_EXERCISE PROMPT_. Omit the pictures and reproduce the rest of the listing exactly.

_GIVEN INFORMATION_.
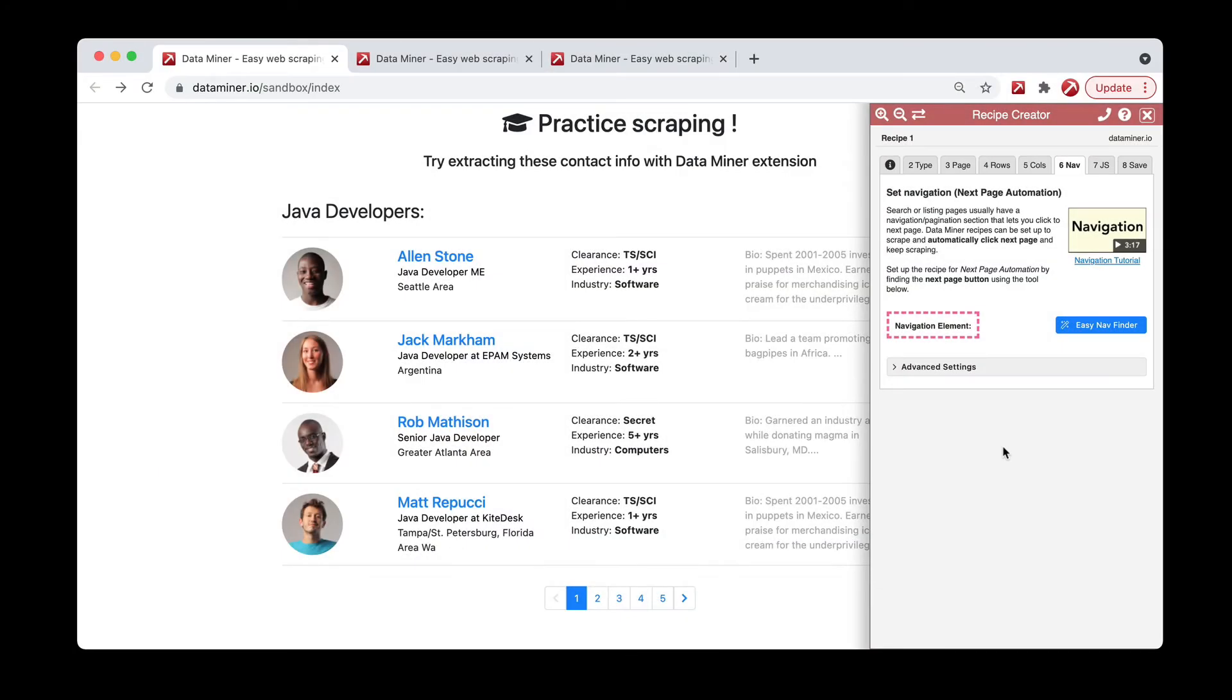Hi, in this video we'll be learning how to write a recipe with Recipe Creator. More specifically, we'll be working with the nav tab.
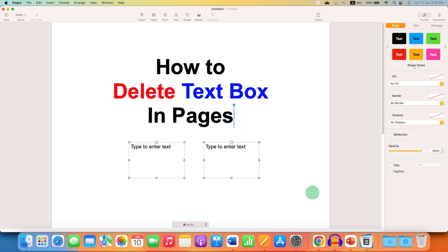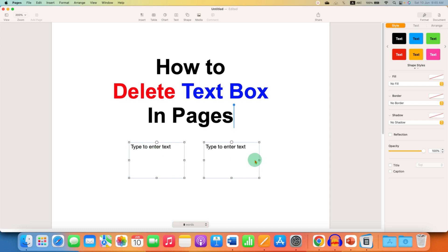In this video you will see how to delete a text box in Pages. I will show you how to delete one by one text box or multiple text boxes at once.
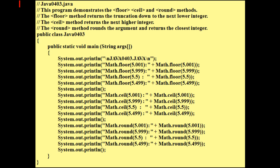With Math.ceil — short for ceiling — it's going to round up. So if you have 5.001, it's going to round all the way up to 6. You'll find this useful later on when making more programs. Then you have plain Math.round, which rounds the number the way you were taught in math class. So if it's 5.5 it rounds up, and if it's 5.499 it rounds down. From 5.5 to 5.999 it rounds up; from 5.001 to 5.499 it rounds down.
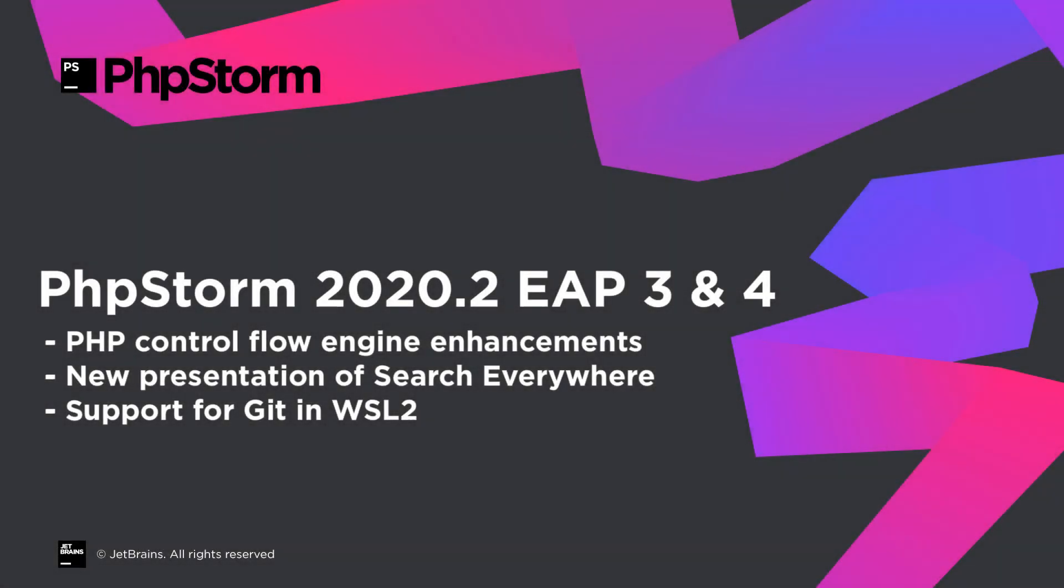Hello and welcome to the JetBrains YouTube channel. In this episode we're looking at the changes introduced in the recent PHPStorm 2020.2 EAP builds: control flow engine enhancements, new presentation of search everywhere, support for Git in WSL2, and more.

_ANSWER FOR THIS EXERCISE_.
Hi, in this video we'll be learning how to write a recipe with Recipe Creator. More specifically, we'll be working with the nav tab.
In this video you will see how to delete a text box in Pages. I will show you how to delete one by one text box or multiple text boxes at once.
With Math.ceil — short for ceiling — it's going to round up. So if you have 5.001, it's going to round all the way up to 6. You'll find this useful later on when making more programs. Then you have plain Math.round, which rounds the number the way you were taught in math class. So if it's 5.5 it rounds up, and if it's 5.499 it rounds down. From 5.5 to 5.999 it rounds up; from 5.001 to 5.499 it rounds down.
Hello and welcome to the JetBrains YouTube channel. In this episode we're looking at the changes introduced in the recent PHPStorm 2020.2 EAP builds: control flow engine enhancements, new presentation of search everywhere, support for Git in WSL2, and more.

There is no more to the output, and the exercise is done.